L'une des premières équipes financées par l'IMII dans le domaine de l'antibiorésistance était menée par le Dr Michael Mulvey, qui étudiait la résistance aux antibiotiques dans les collectivités du Nord du Canada. Grâce au financement de l'IMII, le Northern Antibiotic Resistance Partnership (NARP) a été créé, en partenariat avec l'Agence de la santé publique du Canada. Le NARP regroupe des membres de la collectivité, des professionnels de la santé, des éducateurs et des chercheurs qui travaillent de concert afin d'étudier les bactéries résistantes aux antibiotiques, qui représentent un problème majeur chez les collectivités nordiques, où la fréquence de ces infections dépasse de beaucoup celle observée dans le reste du Canada. Le groupe a élaboré l'outil d'apprentissage « La guerre aux germes », destiné aux élèves de la quatrième à la sixième année, qui apprend aux enfants comment les microbes se transmettent et quoi faire pour les éviter. Une version pilote du programme a été proposée dans 19 écoles du Nord de la Saskatchewan et on peut déjà observer une diminution du nombre de cas de Staphylococcus aureus résistant à la méthicilline d'origine communautaire (SARMC)40. Le programme comporte aussi un site Web41, qui propose des affiches sur le lavage des mains adapté au public cible, des fichiers balados, des vidéos de formation, un jeu vidéo en ligne, des messages radio et des lignes directrices destinées aux médecins pour la prise en charge du SARMC. Le programme sera mis en oeuvre dans 150 écoles néo-écossaises et représente un excellent exemple de recherche appliquée aux résultats pour la santé mesurables.

Retombées économiques

Les répercussions d'une épidémie ou d'une pandémie sur l'économie peuvent être assez graves, l'épidémie de SRAS, pourtant relativement brève, en faisant foi. Les efforts actuels de l'Institut sur le plan des menaces émergentes sont surtout concentrés sur la mise au point de meilleurs traitements plus rentables et de mesures préventives comme les vaccins. L'amélioration des soins aux patients ainsi obtenue mènera éventuellement à des économies.

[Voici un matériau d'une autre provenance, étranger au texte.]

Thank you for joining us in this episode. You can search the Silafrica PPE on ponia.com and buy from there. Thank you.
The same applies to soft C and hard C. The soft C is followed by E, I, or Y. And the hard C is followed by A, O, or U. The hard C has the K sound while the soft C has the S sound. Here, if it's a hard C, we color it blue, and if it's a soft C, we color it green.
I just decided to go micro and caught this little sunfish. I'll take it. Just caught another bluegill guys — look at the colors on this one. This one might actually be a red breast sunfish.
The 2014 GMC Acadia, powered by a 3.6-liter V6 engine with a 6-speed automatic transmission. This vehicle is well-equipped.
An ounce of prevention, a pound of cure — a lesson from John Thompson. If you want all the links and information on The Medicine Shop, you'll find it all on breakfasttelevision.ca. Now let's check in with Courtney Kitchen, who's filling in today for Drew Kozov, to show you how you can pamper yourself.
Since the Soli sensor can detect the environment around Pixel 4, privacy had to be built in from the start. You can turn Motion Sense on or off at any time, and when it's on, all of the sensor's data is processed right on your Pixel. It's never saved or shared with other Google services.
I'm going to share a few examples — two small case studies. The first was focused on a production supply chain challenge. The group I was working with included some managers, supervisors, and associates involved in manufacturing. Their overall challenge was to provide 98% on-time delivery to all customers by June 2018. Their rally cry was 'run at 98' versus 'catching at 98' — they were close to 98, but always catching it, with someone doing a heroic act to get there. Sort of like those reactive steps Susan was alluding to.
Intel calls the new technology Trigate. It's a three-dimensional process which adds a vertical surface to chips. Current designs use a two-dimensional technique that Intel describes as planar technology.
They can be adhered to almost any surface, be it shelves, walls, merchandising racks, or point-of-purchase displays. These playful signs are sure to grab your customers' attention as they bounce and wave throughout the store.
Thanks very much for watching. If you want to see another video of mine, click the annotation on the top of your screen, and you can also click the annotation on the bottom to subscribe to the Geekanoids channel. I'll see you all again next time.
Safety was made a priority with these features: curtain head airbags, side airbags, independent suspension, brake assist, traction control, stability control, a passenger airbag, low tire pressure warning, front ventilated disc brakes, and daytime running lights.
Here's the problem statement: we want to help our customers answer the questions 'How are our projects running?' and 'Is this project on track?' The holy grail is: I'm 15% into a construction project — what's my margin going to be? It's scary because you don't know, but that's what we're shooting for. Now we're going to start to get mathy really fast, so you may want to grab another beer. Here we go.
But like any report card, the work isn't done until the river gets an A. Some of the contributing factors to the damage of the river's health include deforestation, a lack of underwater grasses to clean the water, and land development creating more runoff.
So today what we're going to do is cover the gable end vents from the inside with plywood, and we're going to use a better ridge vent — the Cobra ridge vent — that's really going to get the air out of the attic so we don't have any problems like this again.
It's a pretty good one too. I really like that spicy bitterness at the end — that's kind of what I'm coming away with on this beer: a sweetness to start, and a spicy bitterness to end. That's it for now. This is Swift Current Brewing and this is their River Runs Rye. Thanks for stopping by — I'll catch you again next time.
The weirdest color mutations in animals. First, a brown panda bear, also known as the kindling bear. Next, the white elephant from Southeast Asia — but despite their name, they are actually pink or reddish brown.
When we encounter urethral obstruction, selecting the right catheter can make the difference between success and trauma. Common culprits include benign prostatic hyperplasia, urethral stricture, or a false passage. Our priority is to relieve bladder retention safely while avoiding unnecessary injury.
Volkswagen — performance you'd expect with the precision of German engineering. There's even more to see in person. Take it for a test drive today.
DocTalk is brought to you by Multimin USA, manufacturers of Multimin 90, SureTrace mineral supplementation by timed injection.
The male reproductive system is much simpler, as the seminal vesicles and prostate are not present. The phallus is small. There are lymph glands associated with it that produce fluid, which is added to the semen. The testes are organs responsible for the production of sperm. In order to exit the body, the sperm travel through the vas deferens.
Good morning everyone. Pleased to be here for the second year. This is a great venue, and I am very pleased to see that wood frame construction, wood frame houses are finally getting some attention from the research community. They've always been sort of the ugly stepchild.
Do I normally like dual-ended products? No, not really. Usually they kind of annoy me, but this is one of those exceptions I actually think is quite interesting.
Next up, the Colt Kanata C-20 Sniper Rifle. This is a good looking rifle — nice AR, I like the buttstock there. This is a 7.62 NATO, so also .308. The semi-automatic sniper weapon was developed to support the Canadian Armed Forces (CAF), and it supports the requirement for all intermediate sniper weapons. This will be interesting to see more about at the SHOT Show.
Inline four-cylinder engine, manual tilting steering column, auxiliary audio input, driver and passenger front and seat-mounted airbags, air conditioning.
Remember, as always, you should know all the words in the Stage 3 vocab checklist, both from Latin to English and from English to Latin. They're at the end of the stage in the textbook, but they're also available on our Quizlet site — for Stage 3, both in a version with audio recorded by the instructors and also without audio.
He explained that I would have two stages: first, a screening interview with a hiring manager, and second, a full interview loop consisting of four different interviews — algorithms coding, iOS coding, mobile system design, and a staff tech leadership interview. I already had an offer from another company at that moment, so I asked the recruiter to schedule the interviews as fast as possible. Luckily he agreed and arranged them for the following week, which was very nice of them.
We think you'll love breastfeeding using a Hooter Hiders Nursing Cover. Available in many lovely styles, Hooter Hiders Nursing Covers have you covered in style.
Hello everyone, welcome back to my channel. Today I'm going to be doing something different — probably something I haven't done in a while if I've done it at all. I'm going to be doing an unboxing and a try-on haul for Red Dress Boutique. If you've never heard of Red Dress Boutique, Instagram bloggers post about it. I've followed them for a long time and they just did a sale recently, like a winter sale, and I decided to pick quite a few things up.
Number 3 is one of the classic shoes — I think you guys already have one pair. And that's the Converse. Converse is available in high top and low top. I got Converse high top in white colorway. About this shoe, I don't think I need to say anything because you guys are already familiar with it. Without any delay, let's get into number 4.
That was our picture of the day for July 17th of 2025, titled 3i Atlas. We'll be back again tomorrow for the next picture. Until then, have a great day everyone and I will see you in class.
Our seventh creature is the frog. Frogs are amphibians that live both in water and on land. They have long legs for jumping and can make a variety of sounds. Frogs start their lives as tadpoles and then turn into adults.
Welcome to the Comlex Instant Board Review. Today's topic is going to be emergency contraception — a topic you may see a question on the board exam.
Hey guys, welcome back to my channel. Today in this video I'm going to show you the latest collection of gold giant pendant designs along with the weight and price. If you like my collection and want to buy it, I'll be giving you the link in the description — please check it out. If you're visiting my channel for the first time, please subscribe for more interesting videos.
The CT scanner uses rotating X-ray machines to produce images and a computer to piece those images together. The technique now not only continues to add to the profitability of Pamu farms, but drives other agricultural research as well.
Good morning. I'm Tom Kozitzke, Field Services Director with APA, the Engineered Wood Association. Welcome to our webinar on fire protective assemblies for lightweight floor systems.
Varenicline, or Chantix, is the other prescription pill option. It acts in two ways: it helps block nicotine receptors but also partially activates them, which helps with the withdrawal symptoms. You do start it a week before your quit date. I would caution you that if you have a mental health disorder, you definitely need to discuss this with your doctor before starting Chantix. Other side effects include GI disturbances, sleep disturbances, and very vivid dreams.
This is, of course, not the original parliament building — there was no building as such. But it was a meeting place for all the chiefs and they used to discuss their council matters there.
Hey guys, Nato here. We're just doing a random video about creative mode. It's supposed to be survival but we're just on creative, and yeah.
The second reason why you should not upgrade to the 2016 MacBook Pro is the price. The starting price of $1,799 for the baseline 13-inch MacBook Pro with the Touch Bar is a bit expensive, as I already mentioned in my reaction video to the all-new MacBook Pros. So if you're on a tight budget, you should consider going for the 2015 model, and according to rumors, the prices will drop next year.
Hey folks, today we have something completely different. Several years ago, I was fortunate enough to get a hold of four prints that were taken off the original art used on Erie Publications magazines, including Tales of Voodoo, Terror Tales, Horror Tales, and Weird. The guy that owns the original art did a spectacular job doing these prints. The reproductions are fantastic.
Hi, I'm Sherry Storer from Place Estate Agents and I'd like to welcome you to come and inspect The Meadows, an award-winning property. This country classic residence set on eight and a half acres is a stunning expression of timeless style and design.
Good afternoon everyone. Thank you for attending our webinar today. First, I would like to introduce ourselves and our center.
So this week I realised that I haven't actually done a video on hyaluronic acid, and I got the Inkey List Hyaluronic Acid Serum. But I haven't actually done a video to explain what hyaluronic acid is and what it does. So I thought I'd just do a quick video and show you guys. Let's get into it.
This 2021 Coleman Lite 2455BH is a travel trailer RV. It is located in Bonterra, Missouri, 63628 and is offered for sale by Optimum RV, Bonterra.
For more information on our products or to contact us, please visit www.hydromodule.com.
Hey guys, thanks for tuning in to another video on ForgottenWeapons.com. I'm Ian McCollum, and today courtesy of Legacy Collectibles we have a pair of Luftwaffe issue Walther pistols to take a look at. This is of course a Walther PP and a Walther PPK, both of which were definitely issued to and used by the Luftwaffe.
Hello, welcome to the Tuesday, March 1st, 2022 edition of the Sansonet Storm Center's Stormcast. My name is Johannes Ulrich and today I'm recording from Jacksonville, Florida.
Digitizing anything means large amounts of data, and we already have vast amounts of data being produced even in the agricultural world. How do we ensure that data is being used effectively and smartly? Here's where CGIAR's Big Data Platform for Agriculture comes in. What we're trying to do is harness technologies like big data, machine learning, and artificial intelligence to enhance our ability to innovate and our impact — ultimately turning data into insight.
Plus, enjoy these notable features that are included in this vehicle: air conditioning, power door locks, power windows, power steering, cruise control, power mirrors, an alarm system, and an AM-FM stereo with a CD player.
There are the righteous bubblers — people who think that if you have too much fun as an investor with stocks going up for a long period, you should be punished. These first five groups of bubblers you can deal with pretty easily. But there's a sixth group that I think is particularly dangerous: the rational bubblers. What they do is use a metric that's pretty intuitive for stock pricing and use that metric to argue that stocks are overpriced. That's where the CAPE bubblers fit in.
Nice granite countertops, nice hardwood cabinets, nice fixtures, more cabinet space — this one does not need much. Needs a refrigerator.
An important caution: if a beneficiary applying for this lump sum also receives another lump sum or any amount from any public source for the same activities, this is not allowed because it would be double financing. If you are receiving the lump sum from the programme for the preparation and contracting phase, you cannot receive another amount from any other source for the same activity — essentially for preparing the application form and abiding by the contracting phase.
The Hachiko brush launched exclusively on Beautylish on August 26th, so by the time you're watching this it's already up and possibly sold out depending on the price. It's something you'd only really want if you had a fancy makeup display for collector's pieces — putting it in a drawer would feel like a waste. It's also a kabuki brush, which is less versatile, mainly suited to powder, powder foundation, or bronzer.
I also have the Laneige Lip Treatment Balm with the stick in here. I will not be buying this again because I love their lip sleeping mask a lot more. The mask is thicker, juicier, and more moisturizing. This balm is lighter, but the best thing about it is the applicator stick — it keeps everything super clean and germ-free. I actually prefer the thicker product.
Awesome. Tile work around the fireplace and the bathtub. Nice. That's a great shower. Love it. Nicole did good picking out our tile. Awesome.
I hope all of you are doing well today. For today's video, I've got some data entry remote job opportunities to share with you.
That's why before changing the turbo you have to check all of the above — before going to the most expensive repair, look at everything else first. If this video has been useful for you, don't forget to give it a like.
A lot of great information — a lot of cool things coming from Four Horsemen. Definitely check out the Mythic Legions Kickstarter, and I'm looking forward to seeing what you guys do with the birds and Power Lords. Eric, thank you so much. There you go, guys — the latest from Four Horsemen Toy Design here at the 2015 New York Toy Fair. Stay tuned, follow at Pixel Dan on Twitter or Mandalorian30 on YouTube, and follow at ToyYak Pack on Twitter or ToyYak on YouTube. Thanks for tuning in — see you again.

Acquisition de fonds supplémentaires

Bon nombre des équipes de recherche financées par des initiatives de l'IMII ont pu par la suite obtenir ce type de financement ciblé afin d'augmenter la portée et l'étendue de leur recherche et d'en garantir la viabilité. Certains de ces montants proviennent d'autres programmes des IRSC, alors que d'autres proviennent de sources extérieures et ont été obtenus parce que le financement initial avait été offert par l'Institut. En voici quelques exemples.

Initiative sur la salubrité des aliments et de l'eau

Le Dr Subash Sad et son équipe ont réussi à obtenir du financement pour cinq années supplémentaires grâce à l'Initiative sur les nouvelles solutions de rechange aux antibiotiques. De même, la Dre Judith Isaac-Renton note que son équipe a pu continuer à travailler sur d'autres projets et obtenir des fonds supplémentaires pour la recherche en grande partie grâce au réseau que les IRSC ont créé par leur soutien initial. Enfin, le Dr Neil Cashman mentionne que la subvention qu'il a reçue dans le cadre de l'Initiative sur la salubrité des aliments et de l'eau a rendu plus facile le financement d'un nouveau réseau de centres d'excellence (RCE), PrioNet.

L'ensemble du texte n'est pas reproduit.